# ring someone up



## dichelson

Hello. I have the following sentence:

"Steve and Levi went to the cash register without a word, and Charlie rang them up."

Charlie is the barman, so I figure "rang them up" means "calculated how much they owed him". Is that correct? Thank you


----------



## Wobby

Well, personally, I haven't heard of such a usage of 'rang them up' before - to me, it would suggest 'made a phone call to them' / 'phoned them'. Does that work in the context of your question? Perhaps it is an AE colloquialism, in which case, they could probably confirm.


----------



## SleepingLeopard

dichelson said:


> Hello. I have the following sentence:
> 
> "Steve and Levi went to the cash register without a word, and Charlie rang them up."
> 
> Charlie is the barman, so I figure "rang them up" means "calculated how much they owed him". Is that correct?
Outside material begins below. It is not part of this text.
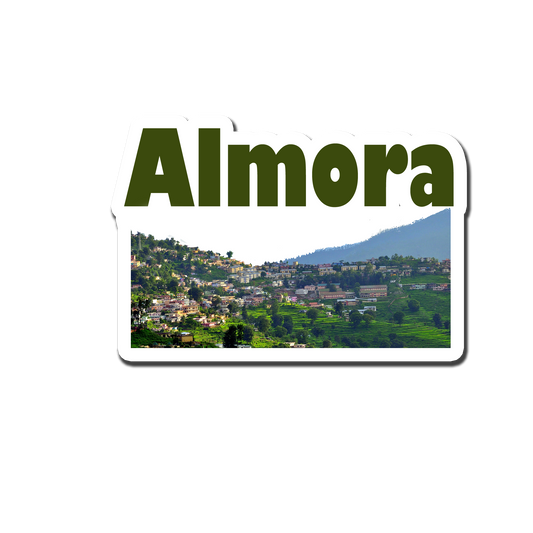 Almora Beautiful Souvenir  Fridge Magnet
Thank you


 
Yes, it is an American usage.


----------



## celestino

Ciao,
ring up = enter money in a shop till (drawer).
So I suppose they give the barman the money and he puts the money in the till.


----------



## lasirena

"To ring somebody up" means to scan all of the items that they want to purchase and process the transaction.  A cashier rings up shoppers.  Or in this case, the bartender is ringing up the customers.


----------



## Cassidy's Mom

The bartender "rang them up"- charged them for the items/food (using the cash register.)


----------



## Raimondo

Could one say, "Ill cassieri ha fatto la somma".


----------



## Necsus

For 'ring up' Hazon gives:
*2* registrare, battere (in cassa): _he rang up 5 pounds_ (_on the till_), ha battuto cinque sterline (in cassa).


----------



## Cassidy's Mom

Here in Texas we call cashiers "checkers" and they "check" (ring up) or "check out" the customers (ring up their groceries/purchases).  But that would be more in a store than in a bar.


----------



## brian

Well, I guess I'll mention it since no one has yet. (Or maybe it's just so obvious.. ) The phrase comes from the fact that cash registers (before the electronic ones) used to make a ringing sound when the drawer opened.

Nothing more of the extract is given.